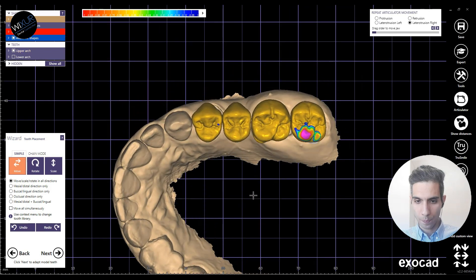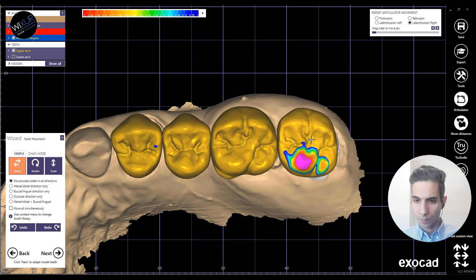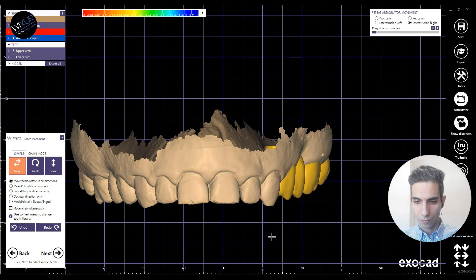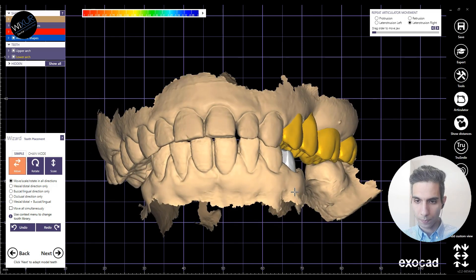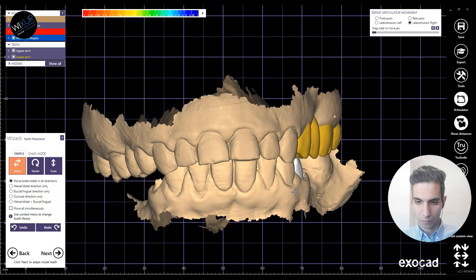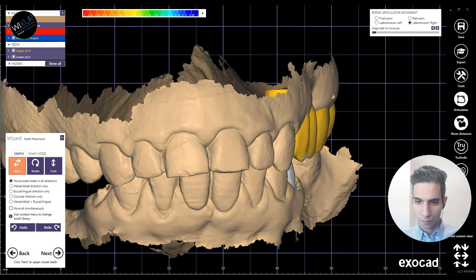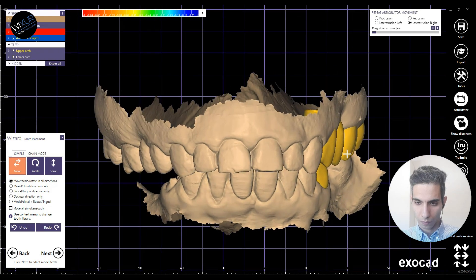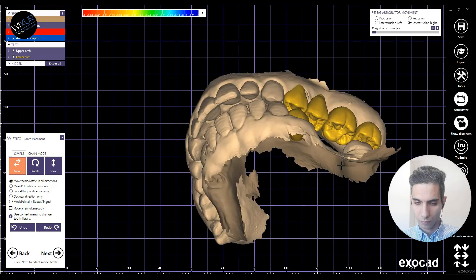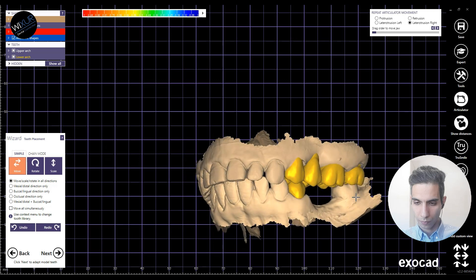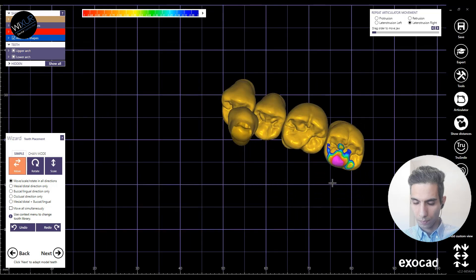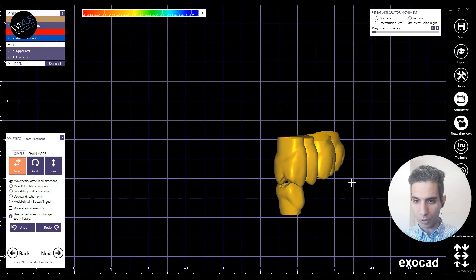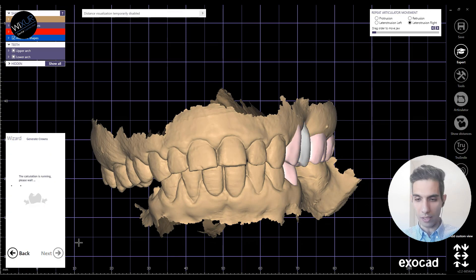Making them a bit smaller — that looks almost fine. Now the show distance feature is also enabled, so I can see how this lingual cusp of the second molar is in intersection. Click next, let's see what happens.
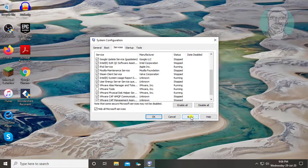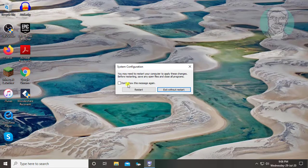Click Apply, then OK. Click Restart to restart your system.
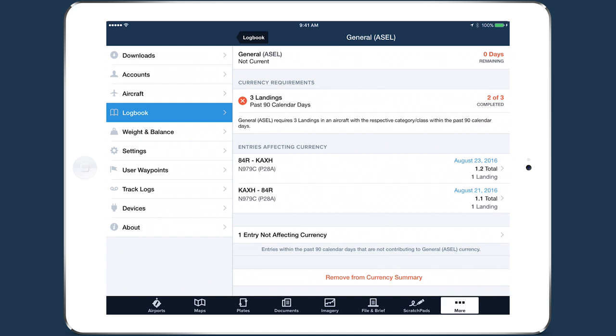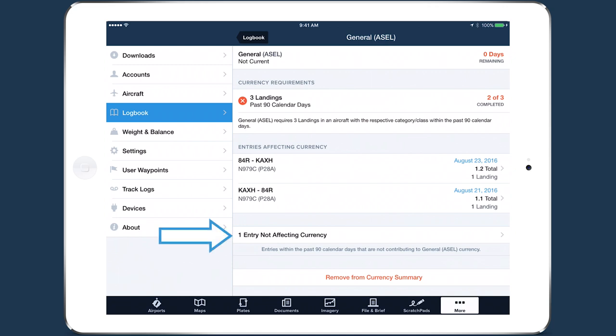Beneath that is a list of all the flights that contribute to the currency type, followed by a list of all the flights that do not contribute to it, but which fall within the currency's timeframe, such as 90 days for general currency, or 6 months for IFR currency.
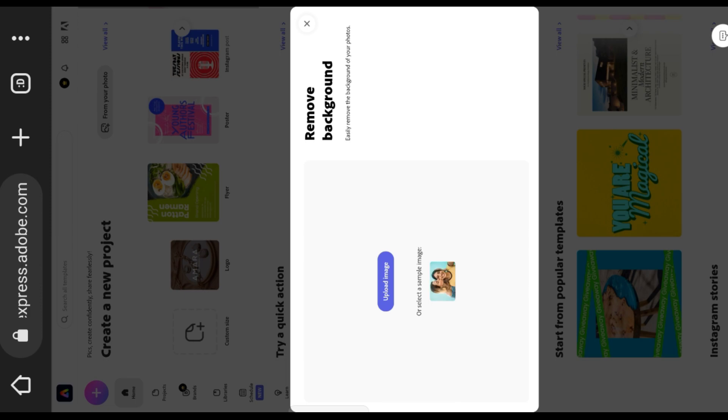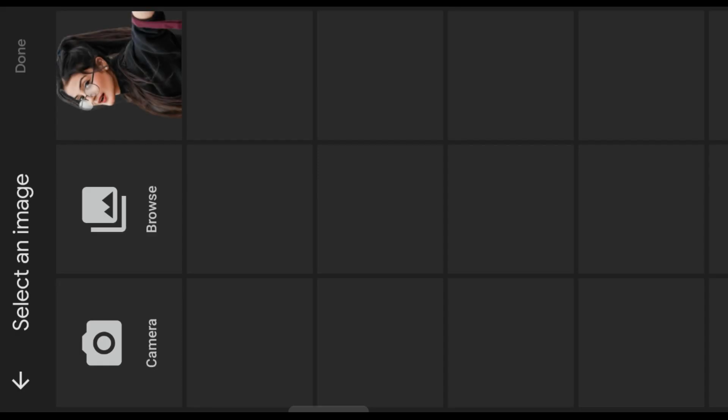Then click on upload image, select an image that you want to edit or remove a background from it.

= = = =

= EXERCISE GOAL =
Please restate word for word each line from the one containing "Beneath that is" to the end of the data above, without the pictures.

= EXERCISE SOLUTION =
Beneath that is a list of all the flights that contribute to the currency type, followed by a list of all the flights that do not contribute to it, but which fall within the currency's timeframe, such as 90 days for general currency, or 6 months for IFR currency.
Then click on upload image, select an image that you want to edit or remove a background from it.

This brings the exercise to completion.